The press, or, as one of my more staunchly conservative associates put it, 'the homosexual-loving media', has, for the most part, roundly applauded the President's bold announcement. Ironically, however, two groups that have historically detested each other have found common ground—and a common enemy. Black folks and rednecks have somehow reached an awkward consensus.

 

According to poll results, two-thirds of African Americans disapprove of Obama's position. Two years ago Obama could do no wrong in the eyes of Blacks. The President was a water walker, an historic and claxon symbol of Black middle-class arrival.

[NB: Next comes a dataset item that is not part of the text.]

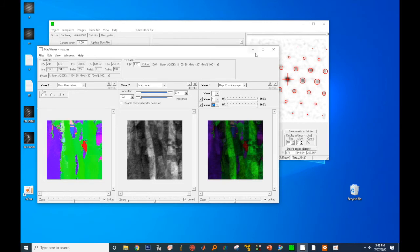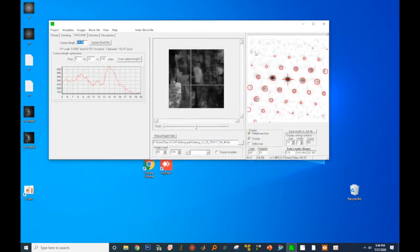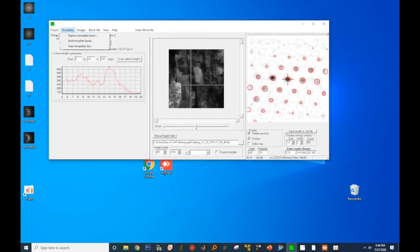Before wrapping up today's video, I want to show you two more techniques to visualize PED data. To do that, we'll exit the map viewer and go back to the index software.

Now, in many of the pews of Black Christendom, he has become an apostate, a man who has turned from the true faith into a willing concubine of the Devil.

 

In other quarters, there is tension between gays and Black people who resent comparisons between racial discrimination and social bias against gays.

 

No issue rends the tapestry of American culture like that of gays and lesbians. The economy? History, legacy and obsequious faith in the apotheosis of American capitalism keep us believing—despite the evidence to the contrary—that economic democracy is written into our DNA. Austere cuts in social, educational, and vital, corrective infrastructure programs? Hell, we're Americans—we'll just yank on our threadbare bootstraps and pull up our tattered drawers, wedgies and skid marks be damned.

 

The provisions of NDAA and other constitutionally questionable assaults on civil liberties? We'll trade our individual autonomy for the promise of security from foreign and exotic boogiemen, jealous of our sublime freedoms, which threaten us from secret caves in distant desert wastelands on the other side of the world.

 

But gay people and marriage? Well, that becomes the harbinger of the apocalypse, 'wrath of God' type' stuff—and let's face it: American religiosity is as medieval as anything the Taliban imbibe—slavery, the slaughter of the red man, the rape of the environment, gender discrimination, the selective persecutions of minorities, all couched in the language of manifest destiny and divine mandate—and no people do it by rote better than we Black folk.

 

Too many of us clutch onto a decrepit but familiar and comfortable past like desperate vampires looking for repose in the wretched earth from which they sprang, refusing to be dragged into the 21st century. Some of us, however, are able to look beyond philosophical attachments to stand firmly of modernity and contemporary reality.

 

Jesse Jackson, a key civil rights figure, and Michael Eric Dyson, one of our most astute Black intellectuals, have voiced their approval of the President's position. What these two know that many others have missed is that it is a short walk between denying rights for one group and eroding them for the next. They know that Black folks hold onto our rights by a tenuous thread and that the threat of a great unravelling could be as close as a November election.

 

They know that the clock is not perpetually frozen but moved by a zeitgeist that plays out in a numbers game that; that zealously guarding our status as civil rights 'chosen ones' while leaving the others behind is a losing proposition for everyone and that there are forces on the horizon pushing hard against the inertia of forward thrust and they cannot be allowed to prosper.

 

And so, while Obama is disparaged and lampooned by a select group of intransigent Black theologues, here's the question we all must ponder: where, exactly, are we going to go in November? To Romney's side, to a candidate whose religion holds that Black people have been cursed with a dark skin because their antecedents conspired with the devil to overthrow God? To a man who says he would never disavow himself of a single canon of his faith? The answer is an unequivocal 'no'.

 

I've got my own issues with Obama, though his stance on Gay marriage is NOT one of them. But in November, given the options, I'm casting my ballot for the lesser offender. It is very likely that my gay friends will be standing right beside me in line at the polling place...

 

Wendell P. Simpson is the SUN's Commentator in England.